In the opening waltz-time sonata-form allegro of this wonderful second piano trio Brahms displays mastery of his art with concise surprises.  The violin and cello play together notes accented on the first beat and the piano enters with an "in-three" rhythm that suggests a different emphasis.  The syncopated sonic result is richly complex.  In the development, just when we might expect a dense crowd of sounds Brahms gives us a light-textured dance, with strings playing an augmented version of the first theme and piano agreeably accompanying the couple with triplet figures.  The final measures are a satisfying unison, with the piano at last getting its chance at the brief main theme.

The Andante is a theme and five variations.  Its minor mode, 2/4 meter and first-beat accent in the opening string melody give it a Brahmsian "Gypsy" coloring, for these are the features of nearly all his settings of Hungarian folk songs he called Zigeunerlieder.
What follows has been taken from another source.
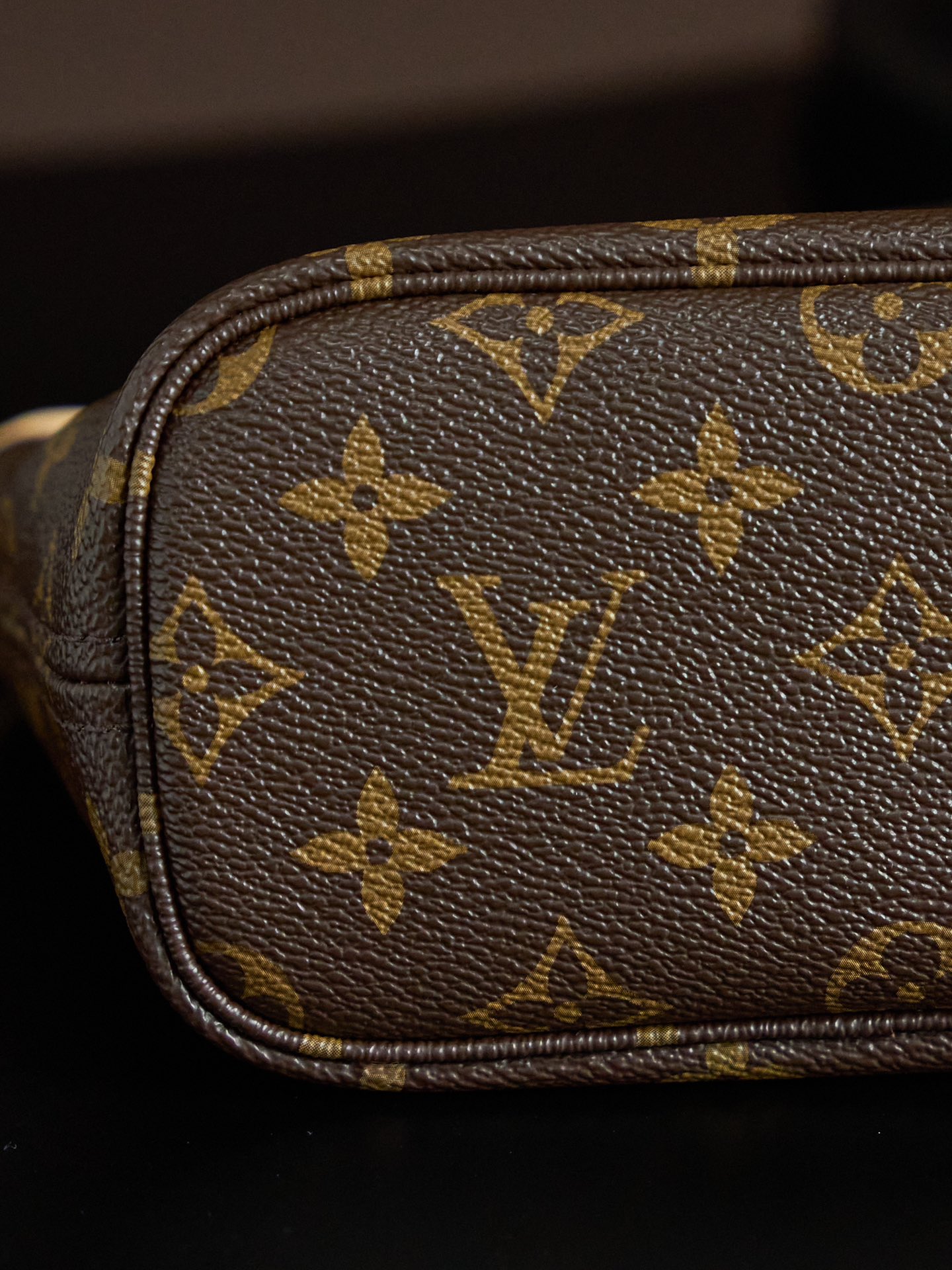 LOUIS VUITTON M46705 Neverfull BB Beige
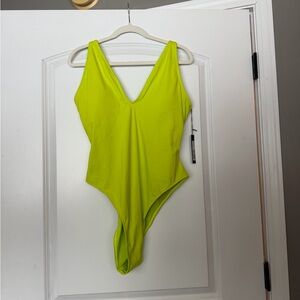 TA3 XL High Cut Plungey Swimsuit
Both themes one played by the strings, one by the piano are treated to imaginative variation.

The C-minor scherzo in 6/8 moves quickly and quietly, projecting amysterious quality of skittering unpredictability.  Its brief major-modetrio section is a reassuring contrast.

In the 4/4 sonata-form Finale Brahms keeps to his pattern of balancing both string instruments against the piano.  Here robust energy continually increases, so that by the final coda, somewhat demonic-sounding arpeggios in the piano notwithstanding, the curtain seems to come down on a true celebration.  Brahms was uncommonly happy with this work and sent it to his publisher with these words:   "You have not so far had such a beautiful trio from me and very probably have not published one to match it in the last ten years."